Start of Records shown
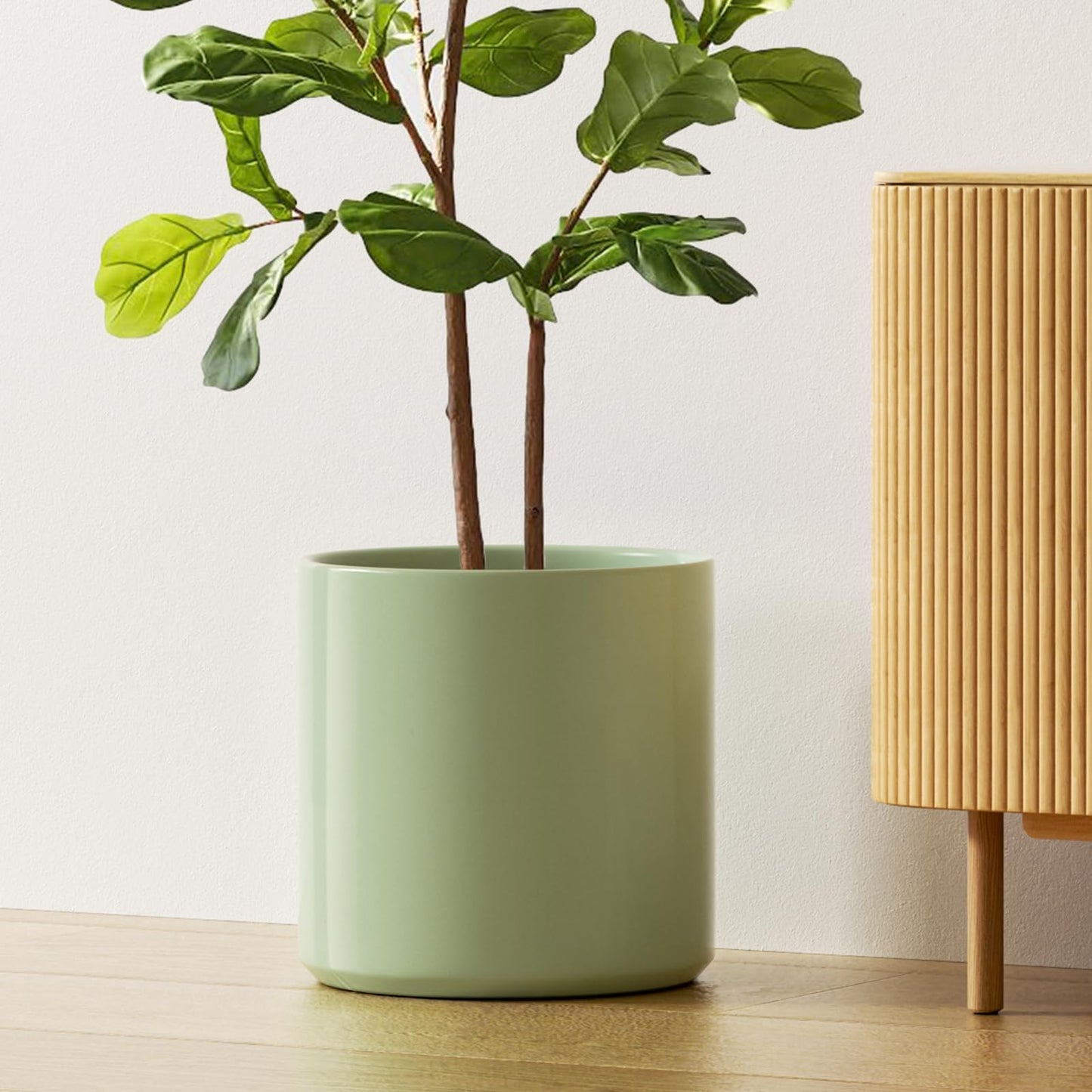 LE TAUCI 12 Inch Pot for Plants, Ceramic Planters for Indoor Plants, Mid-Century Modern Cylinder Flower Pots with Drainage Hole, Fits Fiddle Leaf Fig & Monstera, Home Decor, Sage Green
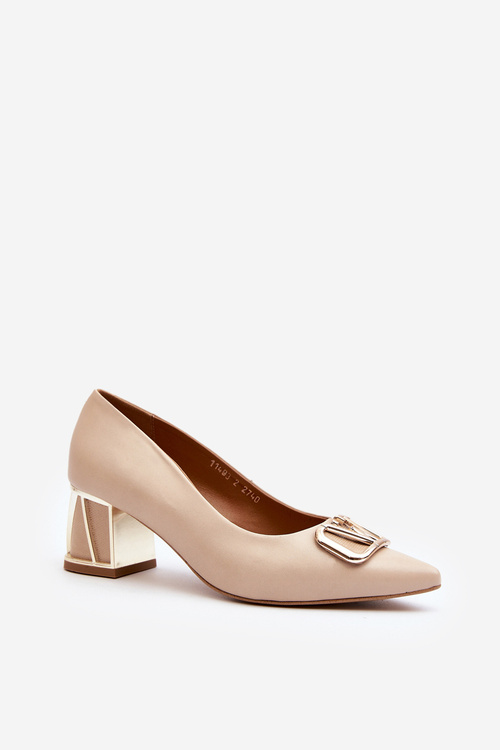 Elegant Pumps with Ornament Laura Messi 2740 Beige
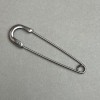 Broșă-pin din metal, culoare oțel închis, 20×77 mm
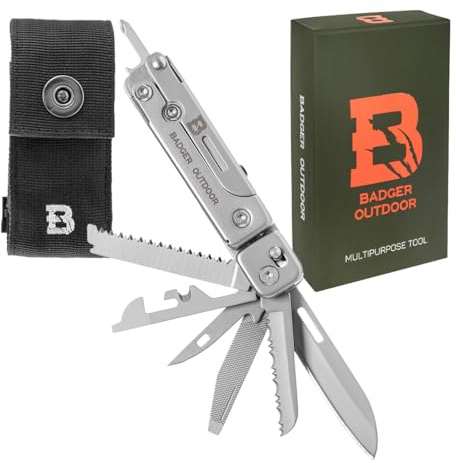 Badger Outdoor Robust 13in1 Multitool Edelstahl - Camping Zubehör | Taschenmesser EDC Werkzeug - Multifunktionswerkzeug Geschenke für Männer - Survival Messer mit Schere Clip Camping Gadgets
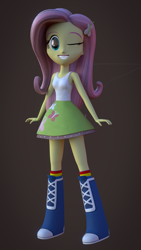 Size: 1080x1920 | Tagged: safe, artist:palmman529, derpibooru import, fluttershy, rainbow dash, human, equestria girls, 3d, accessory swap, blender, boots, clothes, looking at you, one eye closed, rainbow socks, shoes, smiling, smiling at you, socks, striped socks, wink, winking at you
End of Records shown
# Work required
Copy out, with no pictures, the lines from the one containing "Broșă-pin din metal, culoare" through the last line of the data above, both ends included and each word unchanged.

# Answer
 Broșă-pin din metal, culoare oțel închis, 20×77 mm
 Badger Outdoor Robust 13in1 Multitool Edelstahl - Camping Zubehör | Taschenmesser EDC Werkzeug - Multifunktionswerkzeug Geschenke für Männer - Survival Messer mit Schere Clip Camping Gadgets
 Size: 1080x1920 | Tagged: safe, artist:palmman529, derpibooru import, fluttershy, rainbow dash, human, equestria girls, 3d, accessory swap, blender, boots, clothes, looking at you, one eye closed, rainbow socks, shoes, smiling, smiling at you, socks, striped socks, wink, winking at you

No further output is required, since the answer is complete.